11. The instantaneous charge of a Leyden battery by the poles of a voltaic apparatus is another proof of the tension, and also the quantity, of electricity evolved by the latter. Sir H. Davy says,[2] "When the two conductors from the ends of the combination were connected with a Leyden battery, one with the internal, the other with the external coating, the battery instantly became charged; and on removing the wires and making the proper connections, either a shock or a spark could be perceived: and the least possible time of contact was sufficient to renew the charge to its full intensity."

12. In motion: i. Evolution of heat.—The evolution of heat in wires and fluids by the voltaic current is matter of general notoriety.

13. ii. Magnetism.—No fact is better known to philosophers than the power of the voltaic current to deflect the magnetic needle, and to make magnets according to certain laws; and no effect can be more distinctive of an electrical current.

14. iii. Chemical decomposition.—The chemical powers of the voltaic current, and their subjection to certain laws, are also perfectly well known.

15. iv. Physiological effects.—The power of the voltaic current, when strong, to shock and convulse the whole animal system, and when weak to affect the tongue and the eyes, is very characteristic.

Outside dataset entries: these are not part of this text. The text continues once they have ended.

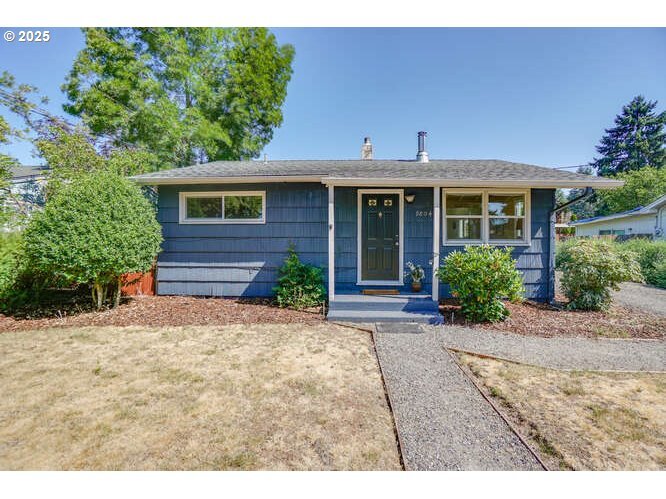 Property Photo:  9804 NE 2nd St  WA 98664 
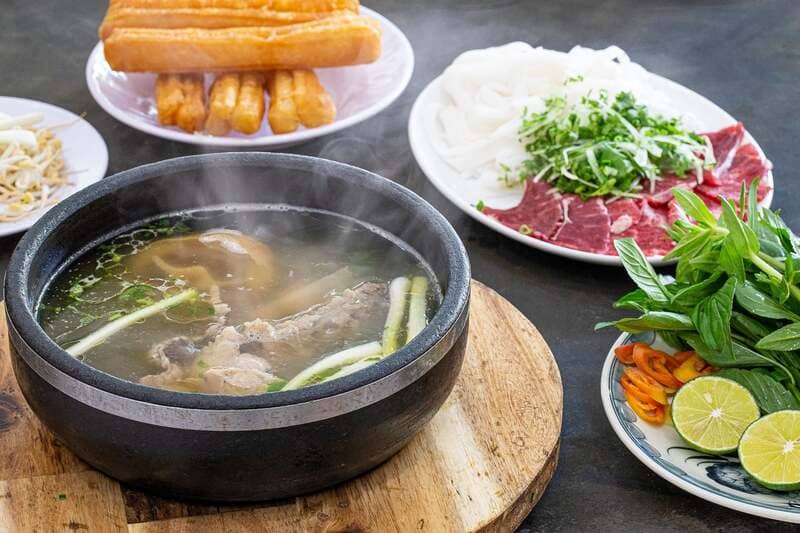 Top 6 stone bowl pho restaurants in Saigon that attract diners who forget the way back 7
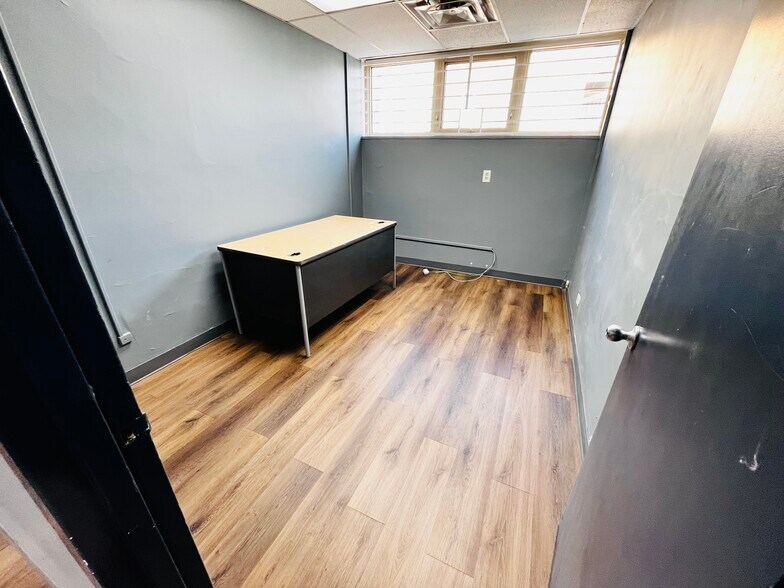 More Photos Of 200 E 75th St, Chicago Office For Lease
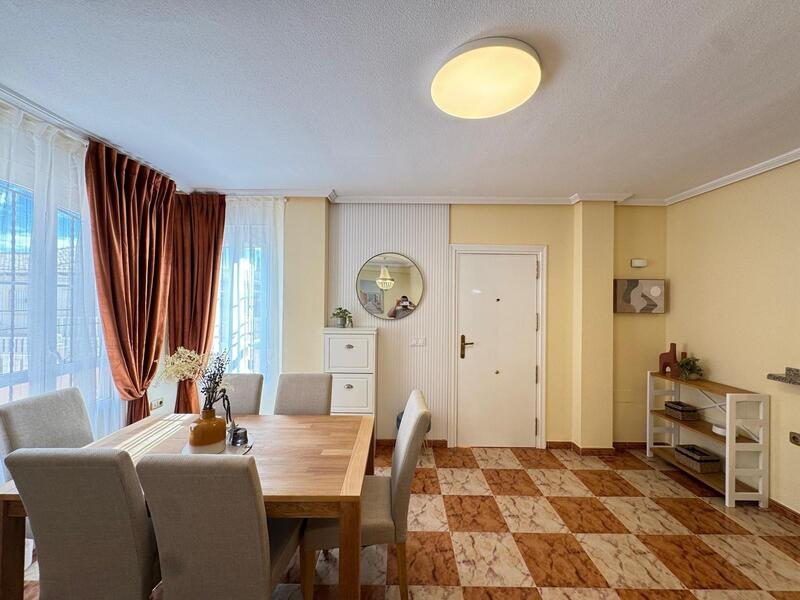 2 bedroom Townhouse for sale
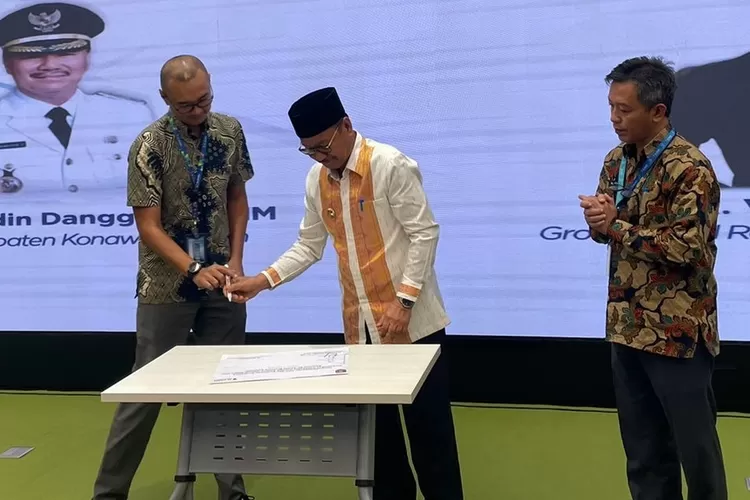 XL Konawe Selatan : Group Head Regional Enterprise Account XL Axiata, R.Wicaksono (kiri) dan Bupati Konawe Selatan H. Surunuddin Dangga, S.T., M.M.(kanan) menandatangani kerjasama untuk percepatan kota cerdas dan pedesaan terhubung  di Jakarta, Jumat (14/3). DOK.XLAXIATA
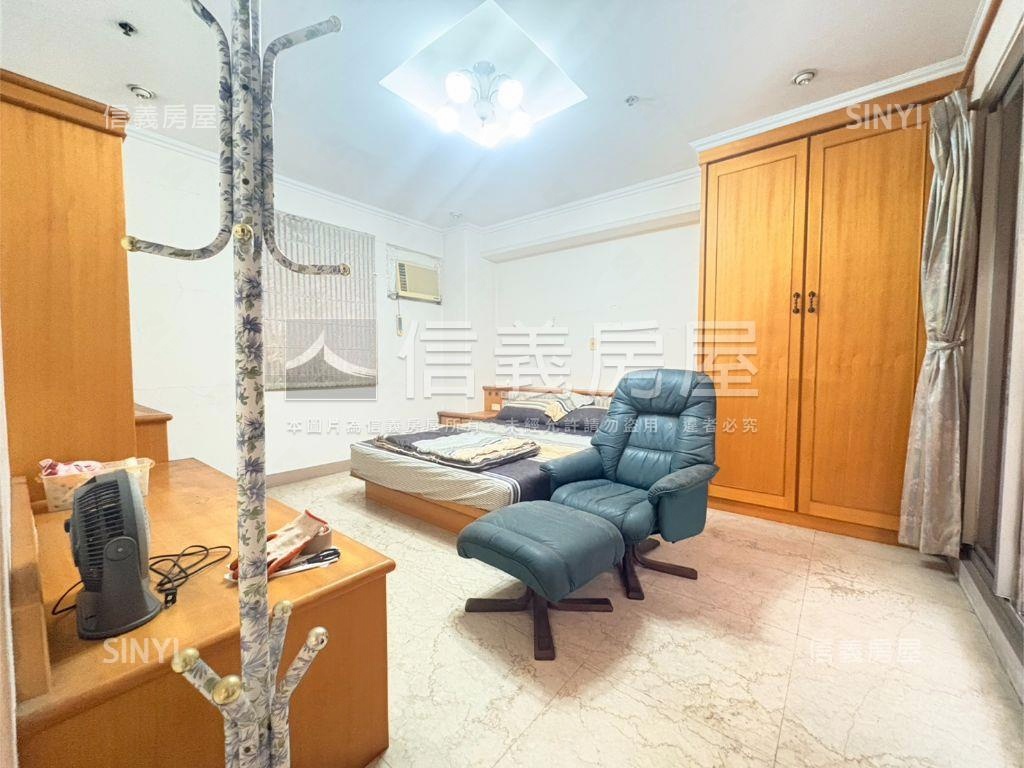 高醫公園首排露臺四房平車房屋室內格局與周邊環境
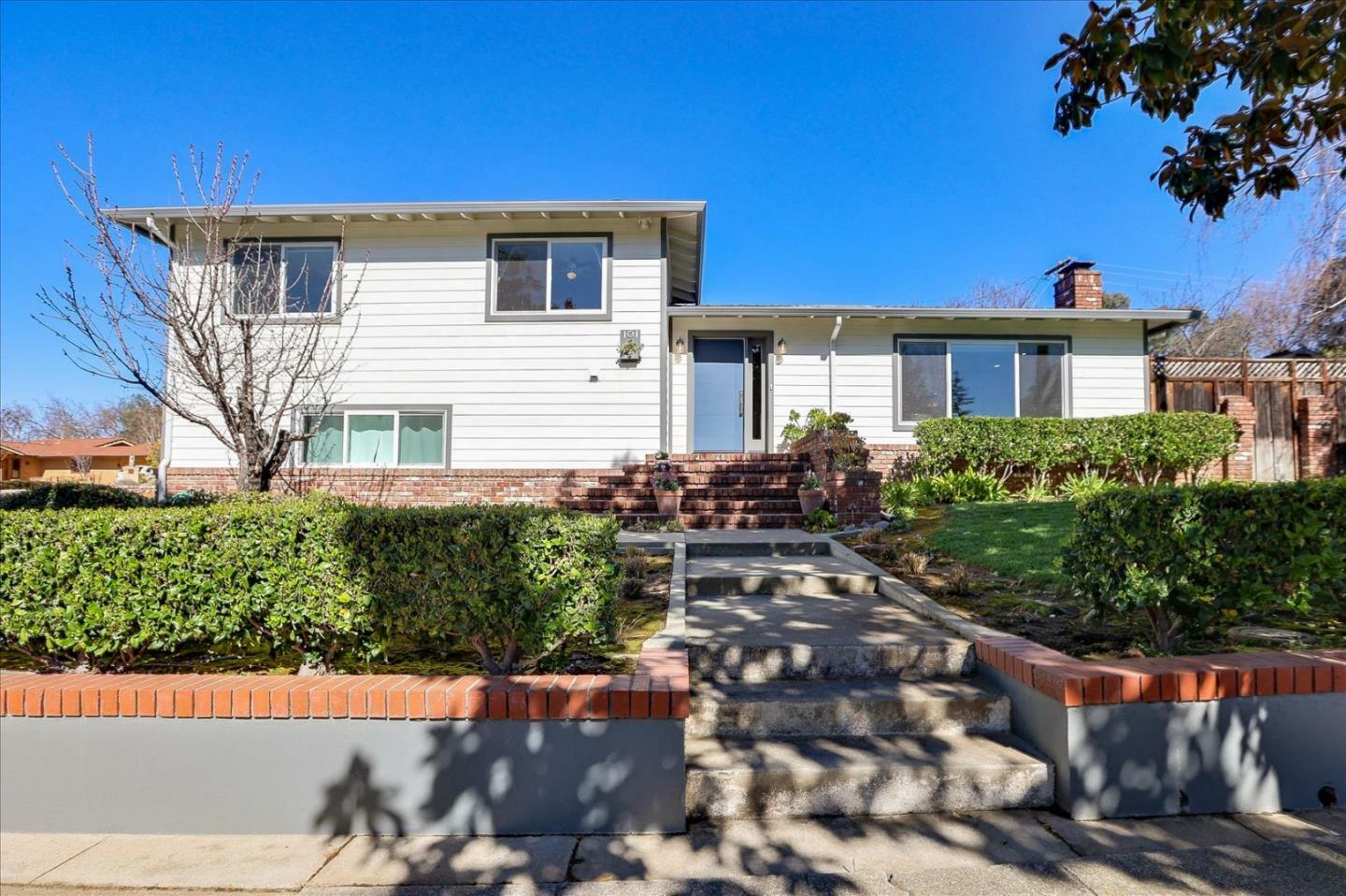 Property Photo:  101 Griffith Place  CA 95030 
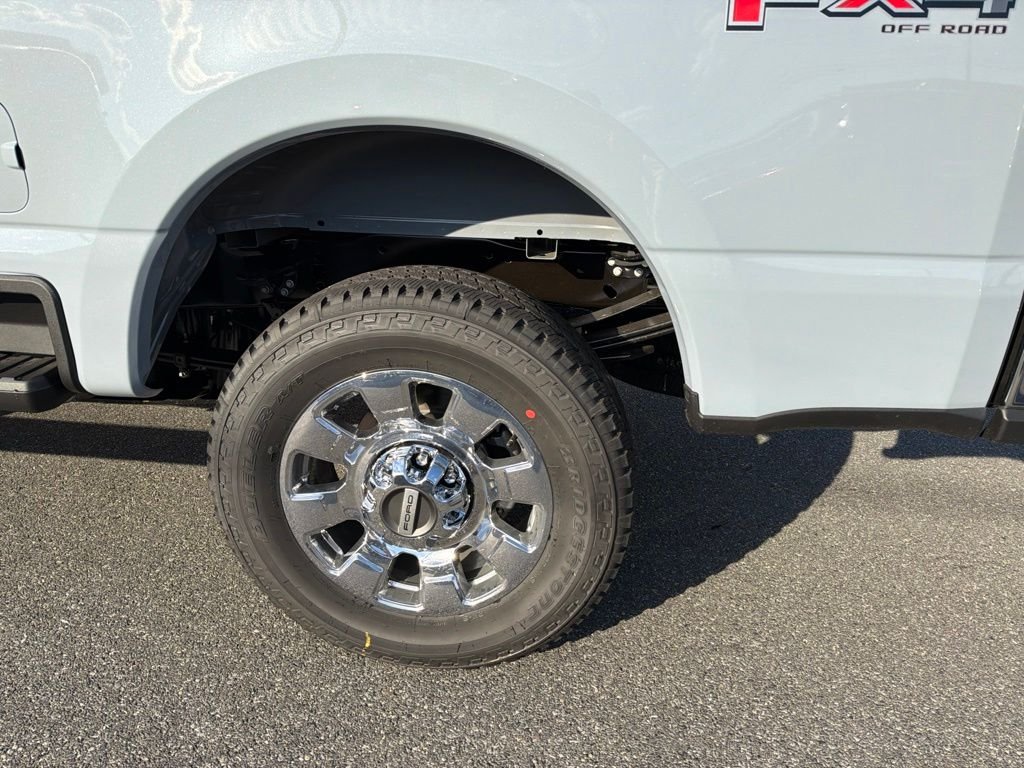 New 2026 Glacier Gray Metallic Tri-Coat Ford F-250® Lariat® image 22
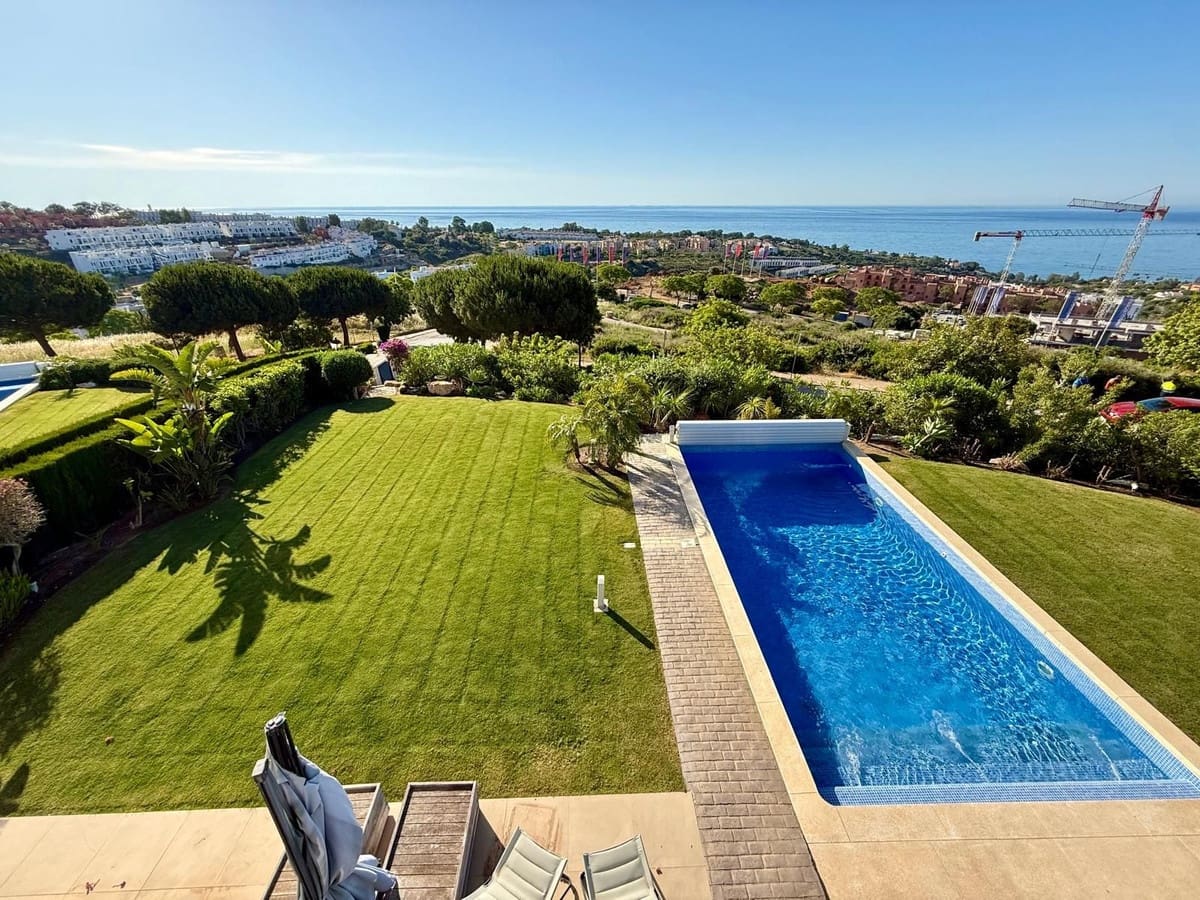 4 bedroom Villa for sale in Manilva with pool - € 1,099,000 (Ref: 9870250)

16. v. Spark.—The brilliant star of light produced by the discharge of a voltaic battery is known to all as the most beautiful light that man can produce by art.


17. That these effects may be almost infinitely varied, some being exalted whilst others are diminished, is universally acknowledged; and yet without any doubt of the identity of character of the voltaic currents thus made to differ in their

  1. Elements of Chemical Philosophy.
  2. Ibid. p. 154.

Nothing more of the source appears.